Last week Search Engine Strategies celebrated its 11th consecutive year as a west coast conference. I recall being at the first SES in San Francisco and have only missed one of the west coat shows since. I have to say that this one was one of the better I have attended. I got a good vibe from the attendees as well as the sophistication of the questions.
For the first time in a long time I got to attend sessions that I was not speaking on or moderating. It was great to sit in on sessions and not running to a dozen client meetings in the area because I was there or taking one of the hundreds of conference calls
I have to give Marilyn, Stuart and Jackie a lot of credit for developing a brilliant program. This time around there were 70 sessions with over 150 speakers. There will always be an issue with hacks on panels and it is immediately obvious, to the trained search marketers, which people that really don’t know what they are talking about and people who just don’t talk about anything of real substance. Not only do people just walk out they hammer them real-time on twitter.

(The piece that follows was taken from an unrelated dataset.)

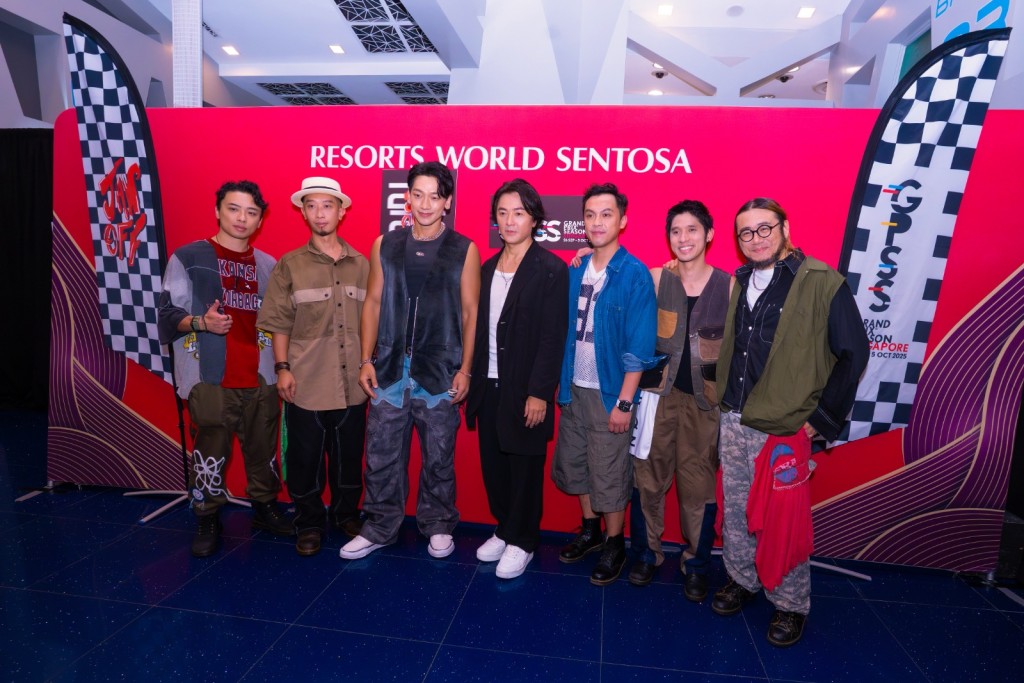鄭伊健與Nowhere Boys、Rain合照。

It was disappointing that there was not a Google Dance this year – I was at the very first where it was a boom box and people dancing on the volleyball court. But Google now believes that every breathing human knows who they are and there is no need to support and reach out to the audience who supports them. We can always count on Darren and Brandy to have the killer Search Bash and this year again topped all previous events. I loved the Alice in Wonderland theme and the DJ played just the right amount of 80’s music to get the search old timers out on the dance floor.
Beyond the parties and the sessions, I still believe the best part about search conferences is the chance to network with my friends and peers. Without a doubt the people in the search industry are the most friendly and helpful around.
So what did I observe at SES?
Services/Software that I thought were cool
Wordstream – they offer an interesting and robust keyword management solution that takes a lot of the drudgery out of managing your keywords. It starts w2ith any list and pulls it into the system, gets keyword popularity data via the Google API and starts a segmentation process that flows right into ad group development for Google, Yahoo! and Bing.
Yield Software – this is a dream solution for small and medium companies that do not want to outsource their paid search and SEO programs. A fully integrated SEO/SEM solution that is surprisingly easy for anyone to deploy and manage.
AdGooroo – not a new solution but they announced a more robust competitive analysis as well more keyword-centric data. Gary and team continue to impress with new features that align with how the more successful campaigns are managed.
I moderated three sessions as part of the CMO Track at the event – so will say they are some of my favorites and a link to some blog coverage:
- The Adaptive CMO
- From the CMO’s Office
- Launching a Global Website
- Preparing for the Future of Search
Just wanted to give a quick wrap-up. Once I sort through my notes I will post more.